A season after the Tigers drafted him, Flynn was traded with Rob Brantly and Jacob Turner to the Marlins for Omar Infante and Anibal Sanchez.
Flynn spent two seasons in the Marlins organization, making 52 minor league starts between the New Orleans Zephyrs and the Jacksonville Suns. In six appearances with the Marlins, including five starts, he was 0-3 with an 8.64 ERA, a 2.20 WHIP, and 21 whiffs in 25 innings. Flynn posted a negative WPA in each of the six contests. He also went 2-for-7 from the plate with a sacrifice hit, and took two fielding chances without an error.
After 2014, the Marlins sent Flynn along with Reid Redman to the Kansas City Royals for Aaron Crow. In four seasons with the Royals, Flynn went 6-9 with a 3.76 ERA.
419. Yusmeiro Petit
Maracaibo, Venezuela native Yusmeiro Petit is a six-foot-one right handed pitcher. In 2001, he signed with the New York Mets just prior to his 17th birthday.
After four years in the Mets system, they traded Petit to the Marlins with Grant Psomas and Mike Jacobs to Florida for Carlos Delgado. 2006 would see Petit’s major league debut.
Petit made 15 appearances for the Marlins, including one start. he struck out 20 in 26 1⁄3 innings, but also allowed 46 hits, including seven homers. He put up a 1-1 record and a 9.57 ERA with a 2.09 WHIP. At the plate, he was one-for-five with an RBI and two strikeouts, while making two clean putouts without an error on defense. At the end of Spring Training in 2007, the Marlins sent Petit to the Arizona Diamondbacks for Jorge Julio.

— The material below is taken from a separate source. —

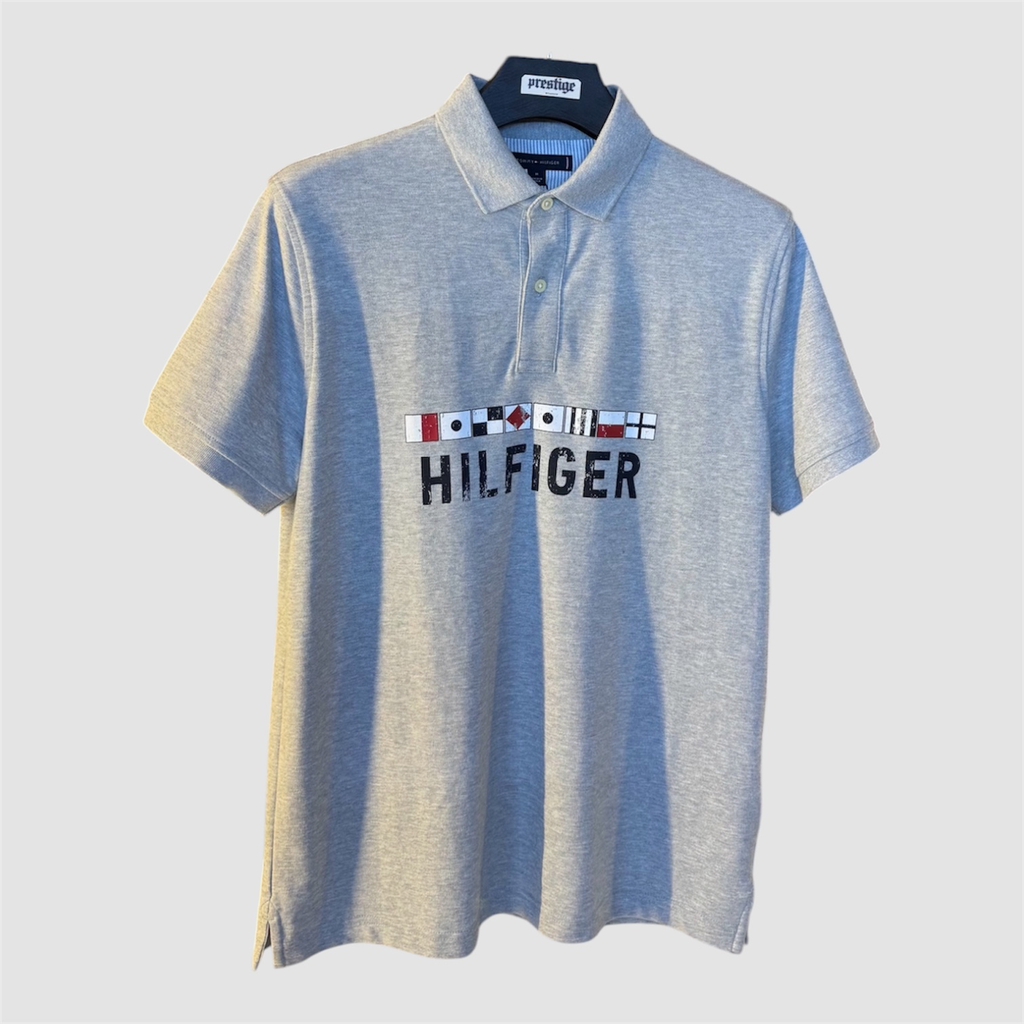 Polo Tommy Hilfiger Flag – Gris Chiné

Since then, Petit has played for the D-Backs, the San Francisco Giants, the Nationals, the Los Angeles Angels, and Oakland. He’s 42-41 with six saves and a 3.93 lifetime ERA, and led the American League with 80 games pitched in 2019 with the A’s.
418. Ryan Tucker
Ryan Tucker is a six-one right-handed pitcher from Burbank, California. In 2005, the Florida Marlins took him in the first round of the draft, with the 34th overall selection. Three seasons later in 2008, Tucker got to the majors with the team.
Tucker pitched in 13 games for Florida, including six starts. He struck out 28 in 37 innings overall, and racked up an 8.27 ERA by surrendering 34 runs on 46 hits and 23 walks. He landed 59 percent of his 707 offerings over the plate, went 0-for-7 from the plate with four strikeouts, and made seven defensive plays without an error.
Tucker’s best game with the Marlins, going by WPA, was his major league debut. He got the win in a 9-2 victory over the Cincinnati Reds, striking out six and allowing only one run in five innings. After spending the entirety of the next two seasons in the Marlins minor league system, the Texas Rangers claimed Tucker off waivers. He pitched five major league innings for them, and didn’t get back to the majors after that.